**WHAT TO PRODUCE:** The pictures get dropped, while every remaining part of the listing is copied exactly.

**DATA SECTION:**
__________

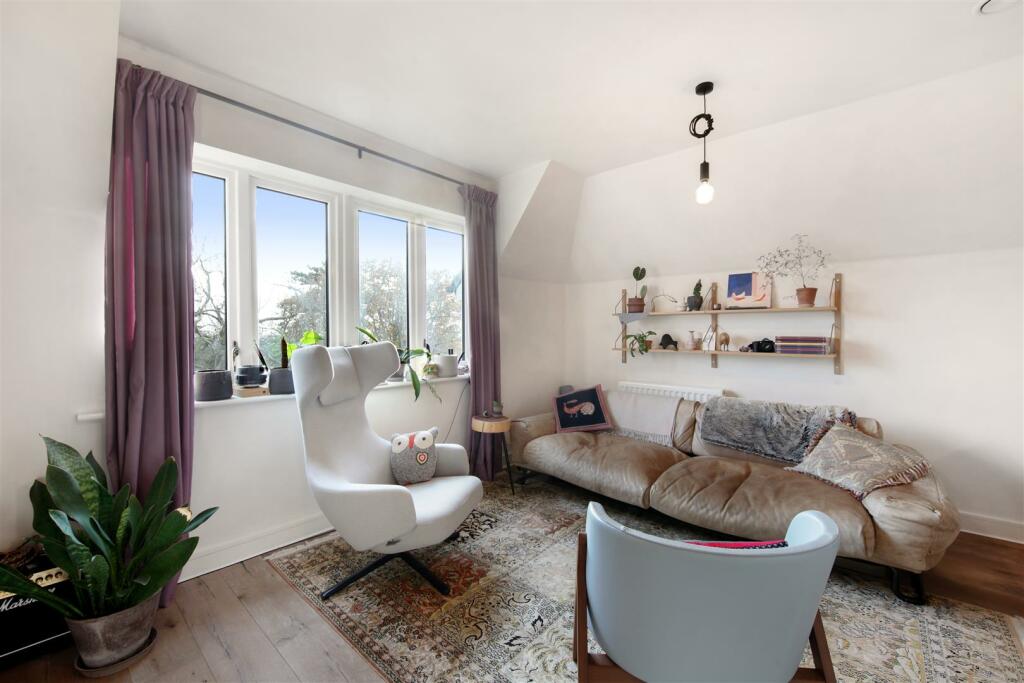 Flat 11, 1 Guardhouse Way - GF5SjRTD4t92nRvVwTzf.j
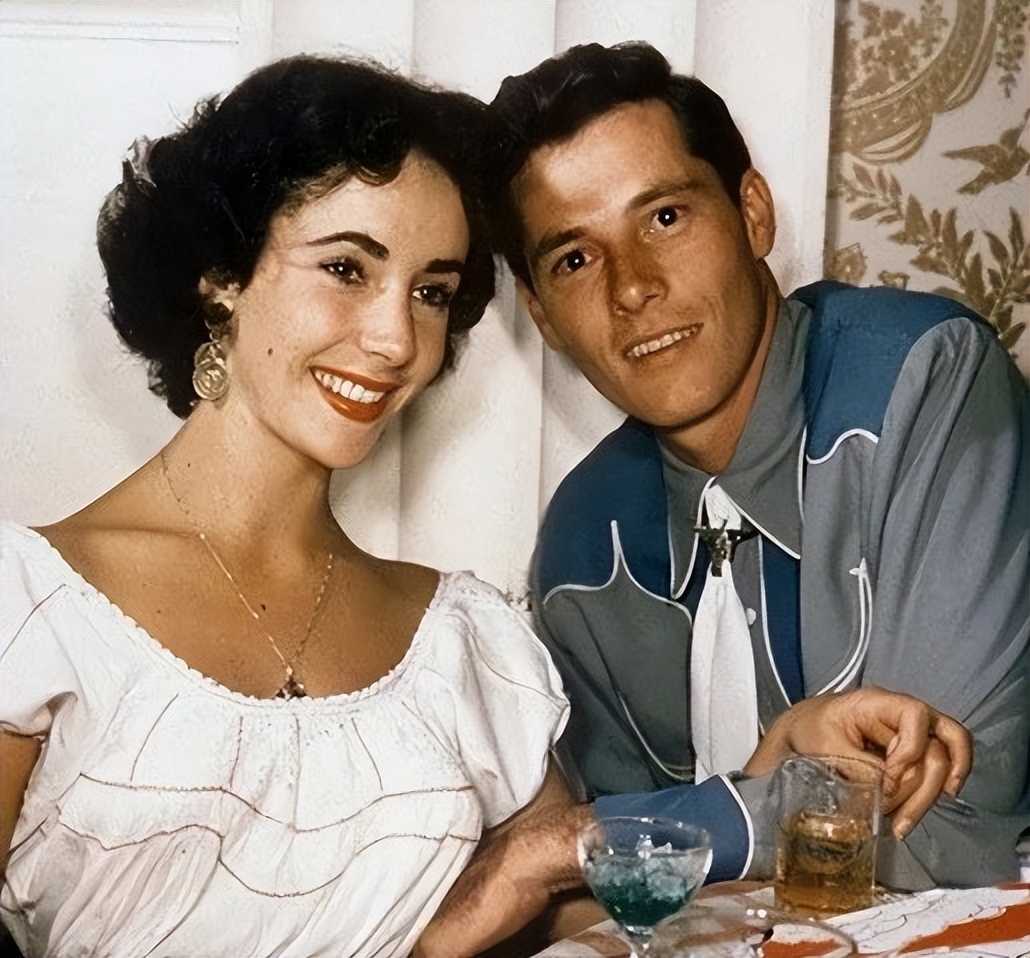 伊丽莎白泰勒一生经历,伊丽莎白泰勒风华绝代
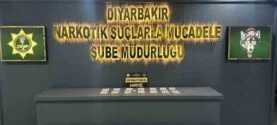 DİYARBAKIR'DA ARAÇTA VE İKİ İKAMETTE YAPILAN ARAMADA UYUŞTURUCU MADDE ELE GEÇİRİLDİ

__________

**OUTPUT:**
 Flat 11, 1 Guardhouse Way - GF5SjRTD4t92nRvVwTzf.j
 伊丽莎白泰勒一生经历,伊丽莎白泰勒风华绝代
 DİYARBAKIR'DA ARAÇTA VE İKİ İKAMETTE YAPILAN ARAMADA UYUŞTURUCU MADDE ELE GEÇİRİLDİ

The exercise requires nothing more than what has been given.